Construction and Assessment of Models of CYP2E1:  Predictions of Metabolism from Docking, Molecular Dynamics, and Density Functional Theoretical Calculations

3D models of CYP2E1 were constructed for the purpose of structure-based prediction of 2E1 metabolism of diverse substrates based on configuration sampling of ligand-atom−oxyferryl center distances and quantum chemical criteria. Models were constructed on the basis of sequence alignments of 2E1 with templates of known structure, including rabbit CYP2C5 (3LVdH) and bacterial CYP450s. Following geometric and energetic assessments, the utility of the model was tested in structure-based predictions of metabolism. Autodock was used to dock chlorzoxazone, p-nitrophenol, N-nitrosodimethylamine, acetominophen, caffeine, theophylline, and methoxyflurane into the model CYP2E1 employing a model oxyferryl heme with charges based on density functional theoretical parametrization. In all cases, the lowest energy bound docked configurations corresponded to ones with the substrate intimately associated with the oxyferryl center. Configurations among the lowest energy docked forms of each of the ligands had orientations relative to the oxyferryl center consistent with the experimentally observed metabolites. Docking of long-chain dialkylnitrosoamines revealed no heme binding site bound configurations, in agreement with the negligible metabolism of these ligands. The lowest energy docked configurations of chlorzoxazone, p-nitrophenol, and N-nitrosodimethylamine, high-affinity substrates of 2E1, were used to initiate 300 ps molecular dynamics (MD) trajectories.
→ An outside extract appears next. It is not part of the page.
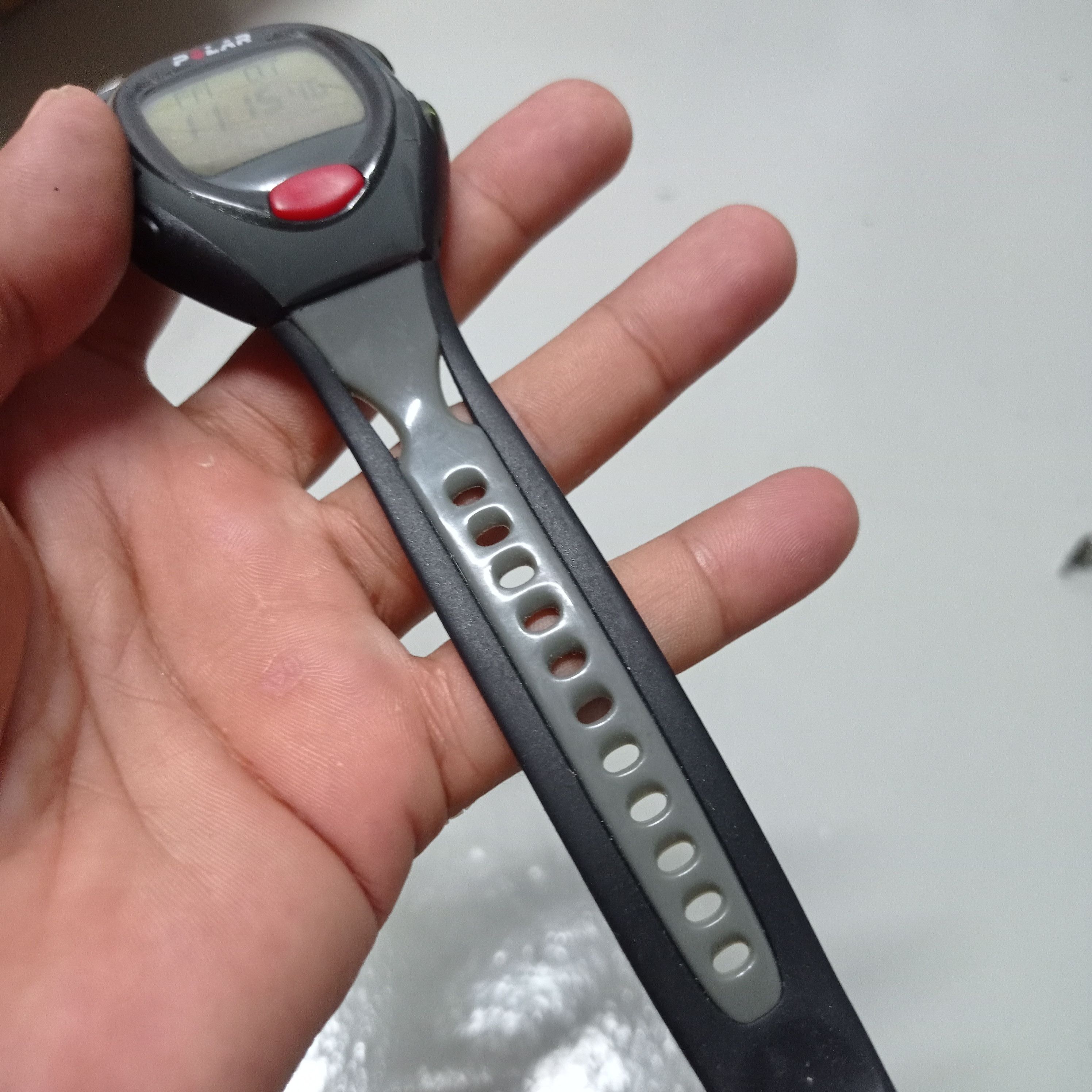 Vintage Retro Polar OUTDOORS RUNNER WATCH LIKE NIKE Size ONE SIZE - 11 Thumbnail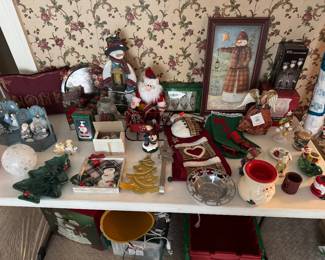 Christmas stuff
The MD-sampled ligand−oxyferryl heme reactant configurations were in good accord with density functional theoretical (DFT) optimized oxyferryl-heme−ligand geometries. Analysis of the MD-sampled ligand−2E1 configurations from multiple docked orientations indicates the configurations with closest exposure of reactive centers to the oxyferryl heme to be correlated with observed metabolites with proper consideration of H-abstraction energetics. DFT assessment of relative radical energetics is directly compared with differential H-abstraction activation energetics by compound I and by a p-nitrosophenoxy radical compound I surrogate for the specific case of methoxyflurane and is shown to be in good agreement.